Netflix CEO and founder Reed Hastings put everything back in perspective in his session with Mike Fries, when he said that just ten years ago “we were concerned about our DVDs not breaking in the postal sorting system.”
Hastings had a busy week launching the service in six new countries in Europe. This Friday, Netflix is launching in Belgium and Luxembourg following launches in Germany, France, Austria and Switzerland.
Launching in other countries is a big task for Netflix, “For most internet companies you just open up and are available worldwide. You don’t have to think country by country.We are different, we need to get content territory by territory.”
Reed was not ready to name future expansion plans, “we are looking at southern Europe and central and eastern Europe, but we haven’t reached a decision. We are not sure.”
The company is heavily investing in content and the business plan call for a period of three to five years before break-even. “That is in our excel sheets and it can of course vary by country. That’s what we judge success by.”
Looking at the future, Hastings said he believes 4K is “the first format that is internet centric. You don’t need tore-allocate spectrum, but content will just come to the homes that want it, so internet offers a much greater and faster upgrade cycle.

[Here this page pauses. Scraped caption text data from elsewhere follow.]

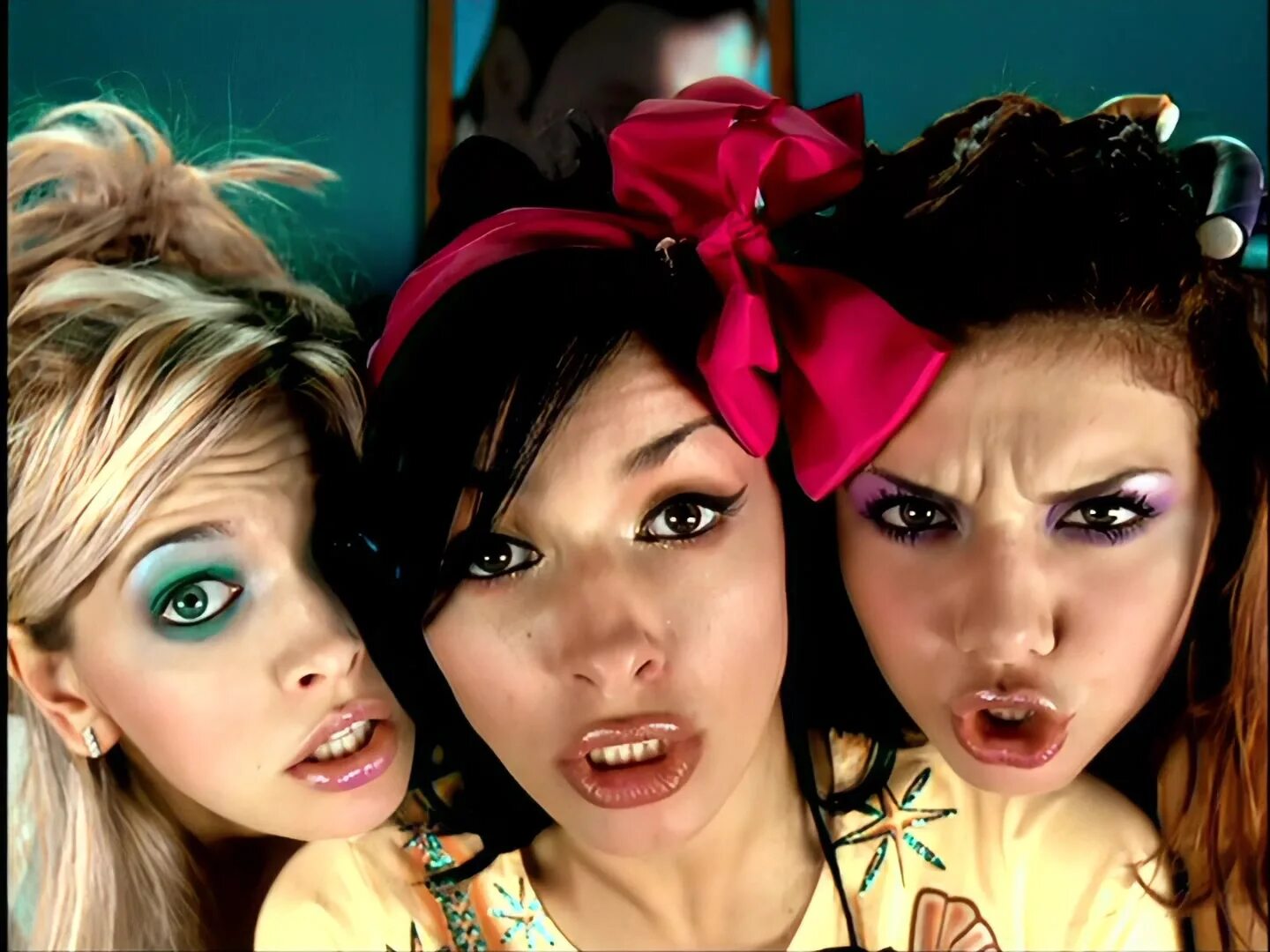 виа гра меладзе три реки. океан и три реки виа гра валерий меладзе. океан и три реки виа гра валерий меладзе. виа гра три реки. группа виагра и меладзе.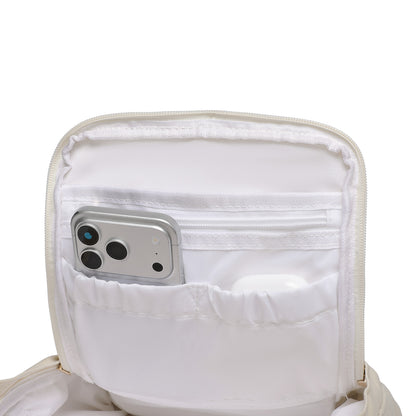 D124-EN-0002-F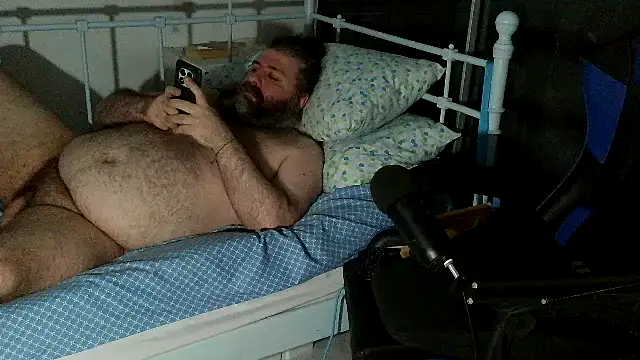 catullo14 stripchat live cam model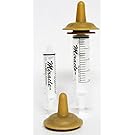 Miracle Nipple for Pets, Large - 2 pack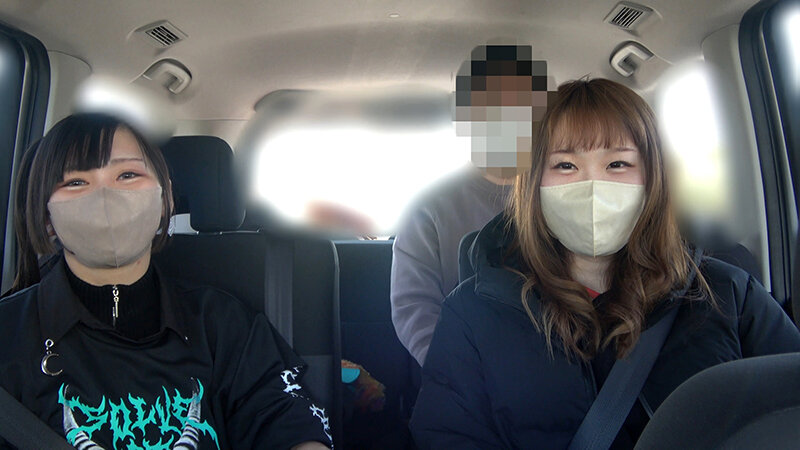 ACZD-194 Part 1 - 30 minutes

“And 4k is just the beginning of new upgrades, next will be a higher dynamic range and we can have more rapid format upgrades.”

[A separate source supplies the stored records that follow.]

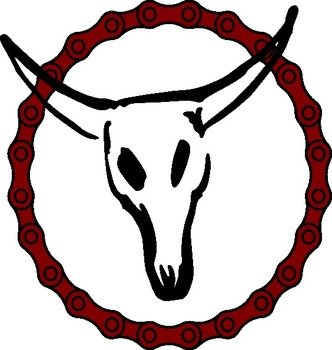 Dirt Nap Clip Art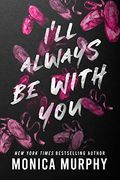 I’Ll Always be With you (Lancaster Prep, 4) (en Inglés)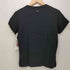 ナイキ NIKE y2k ストーンロゴ ショートスリーブTシャツ レディース JPN:L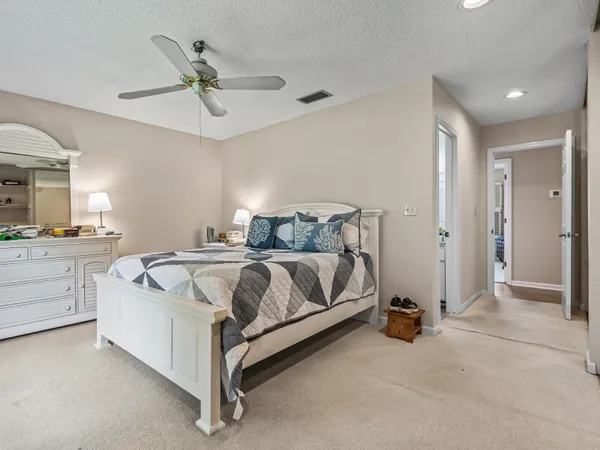 $310,000 | 54 Planters Circle, Quincy, FL 32352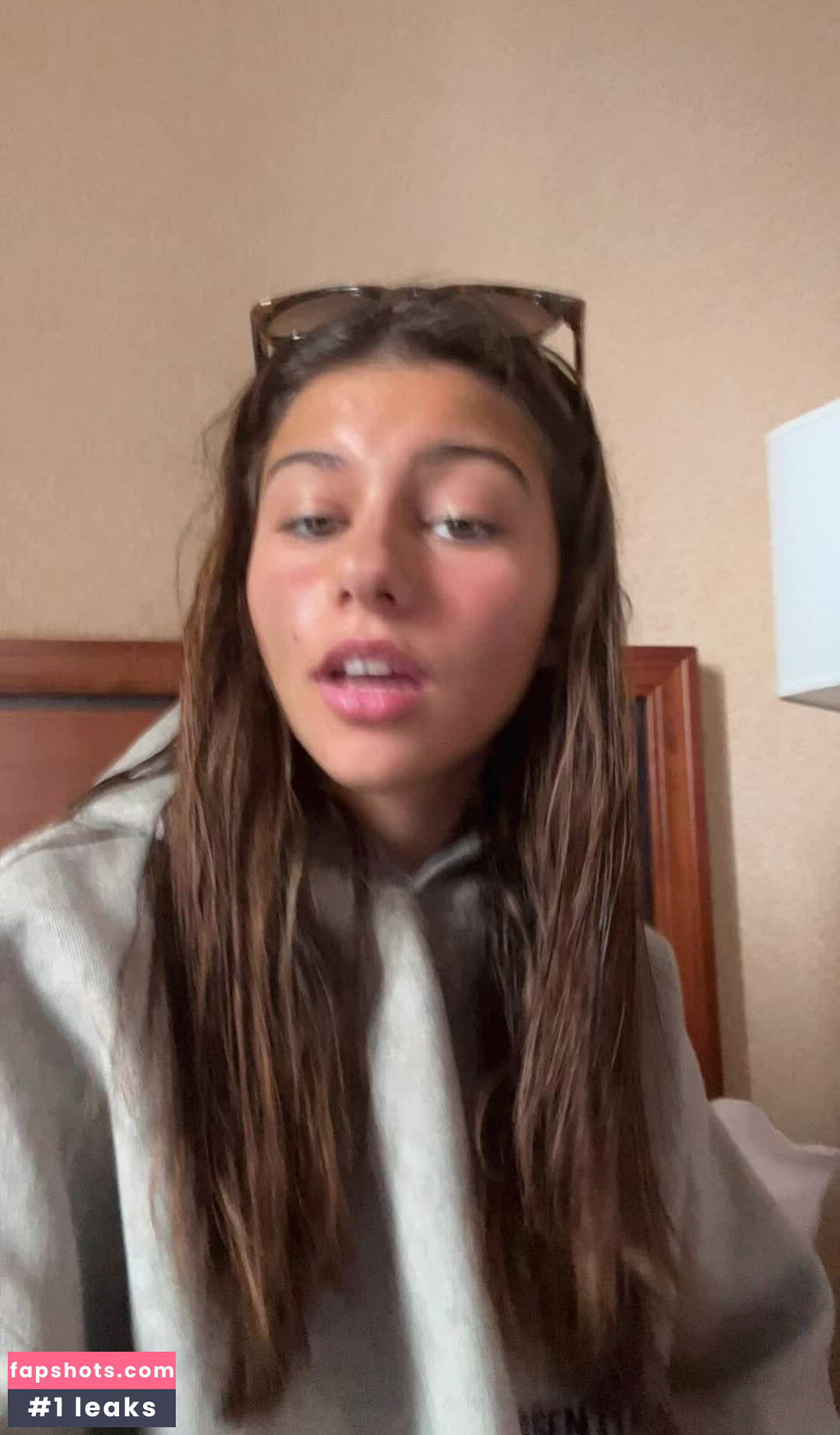 Carlie Marie gallery photo #10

As a plus for ISPs, “we can help sell them one Gigabit packages.” Reed said Netflix is actively talking to manufacturers such as Sony and Samsung, as they are in the process of finding out “what smart TV is.”
Mike Fries, CEO and president of Liberty Global, said Netflix is great for everybody, but that it taught the company that its own “app needs to be better.” In the UK, where Netflix is available on Liberty Global’s Virgin Media, half a million homes downloaded the Netflix app on their TiVo box.
Should Netflix pay for guaranteed access to ISPs? “We are not using anything,” said Hastings, “Consumers are choosing Netflix. But we will pay 10% of your broadband costs of you pay us back 10% of your broadband income.”
Fries countered that things get trickier if the entire customer base of 100% would pay for a service that 35% use. “It will be a challenge to get a settlement as we don’t see a market rate for this.”
For the moment, the two seem to remain ‘best of frenemies’, or as Fries out it “We compete with so many ISPs we couldn’t afford to play tricks with Netflix.”
Reed named Netflix “just one more supplemental entertainment expense.” In the US the portal has 35 million ‘member’. which is about one third of the 100 million cable and satellite DTH subscribers.